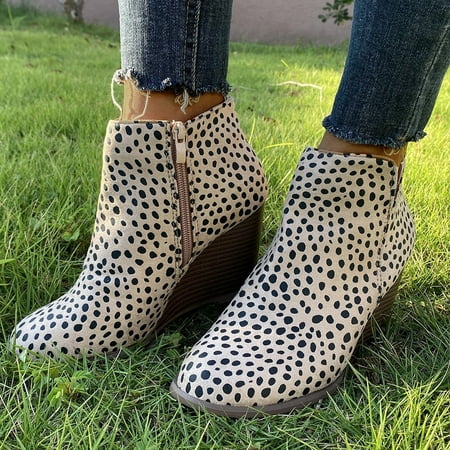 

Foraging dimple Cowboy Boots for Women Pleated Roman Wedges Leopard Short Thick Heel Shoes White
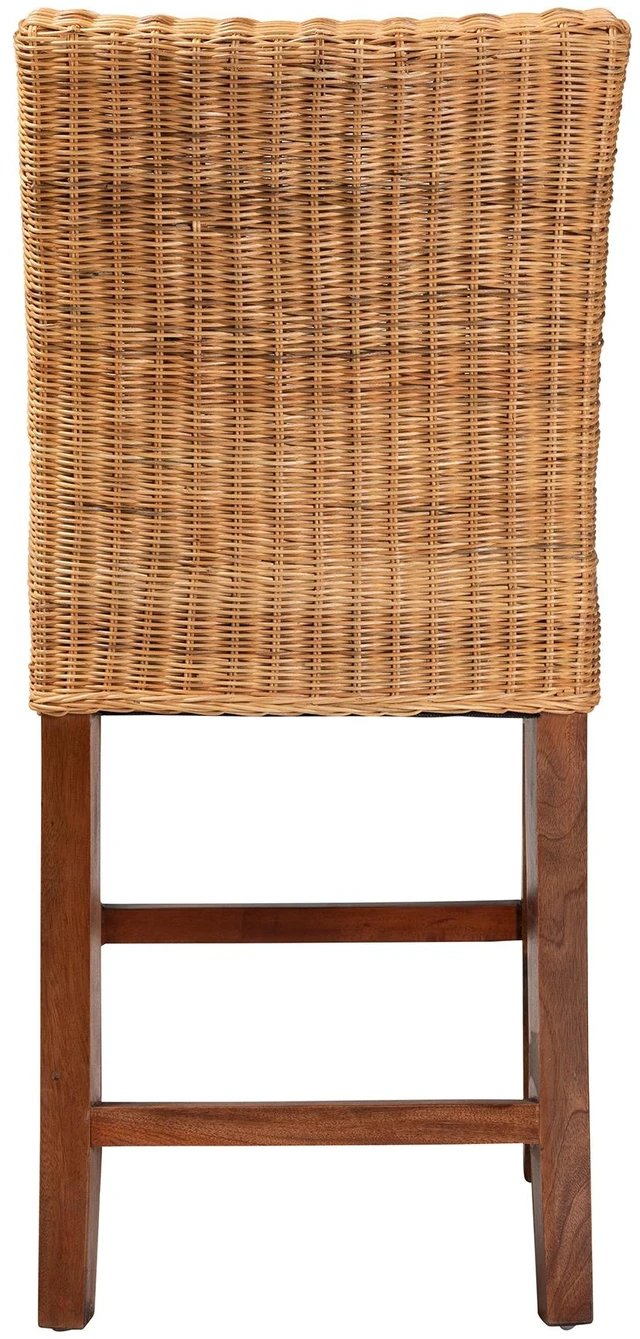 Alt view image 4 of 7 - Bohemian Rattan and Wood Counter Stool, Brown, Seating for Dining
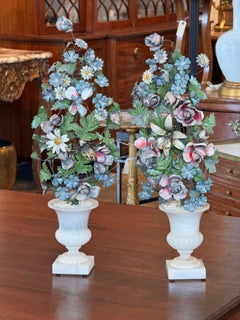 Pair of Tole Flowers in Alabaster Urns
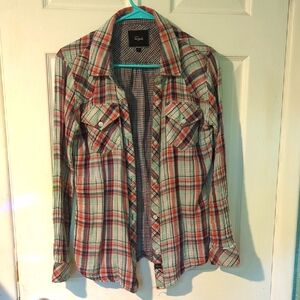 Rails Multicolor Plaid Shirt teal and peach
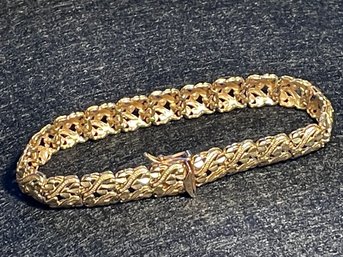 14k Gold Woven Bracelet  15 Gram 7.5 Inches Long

────────

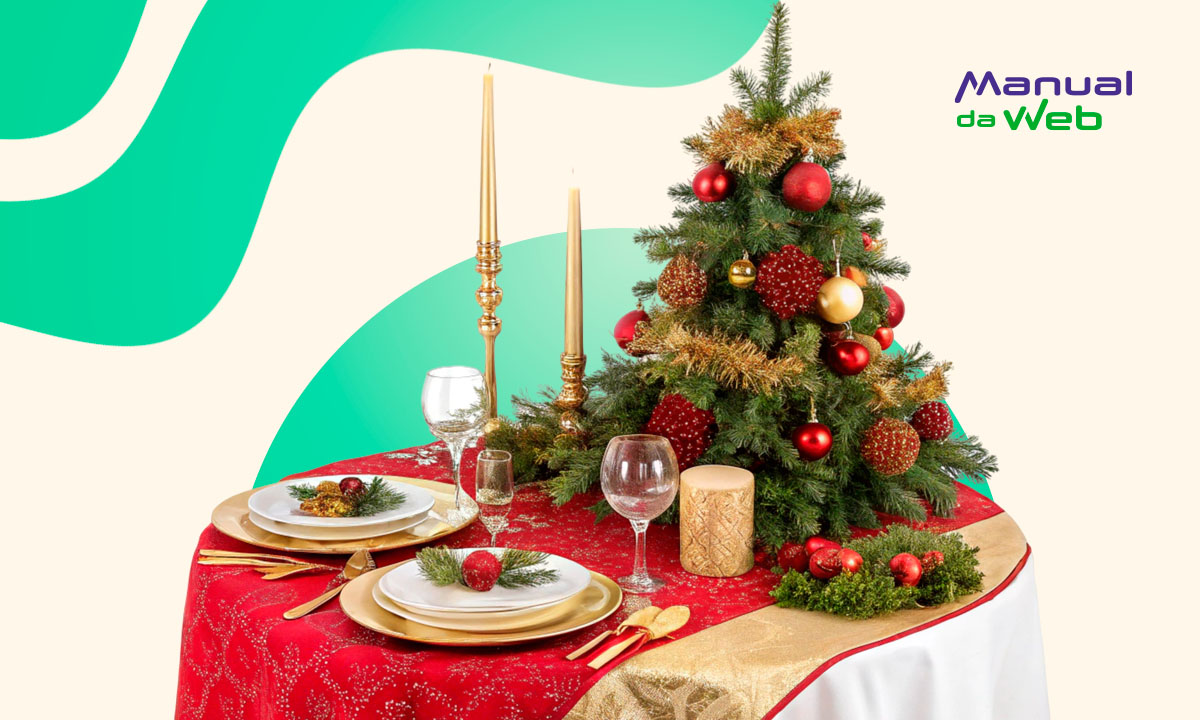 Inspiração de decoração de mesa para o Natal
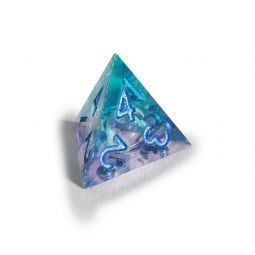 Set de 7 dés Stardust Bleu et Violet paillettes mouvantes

────────

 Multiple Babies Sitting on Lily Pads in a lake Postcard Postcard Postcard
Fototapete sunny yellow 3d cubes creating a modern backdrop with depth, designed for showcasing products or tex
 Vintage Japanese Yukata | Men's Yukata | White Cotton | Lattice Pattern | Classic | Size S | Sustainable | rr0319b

────────

ABOUT THIS EXERCISE :: Each line above that contains the string "White" should be identified and copied.

TASK ANSWER ::
Foraging dimple Cowboy Boots for Women Pleated Roman Wedges Leopard Short Thick Heel Shoes White
 Vintage Japanese Yukata | Men's Yukata | White Cotton | Lattice Pattern | Classic | Size S | Sustainable | rr0319b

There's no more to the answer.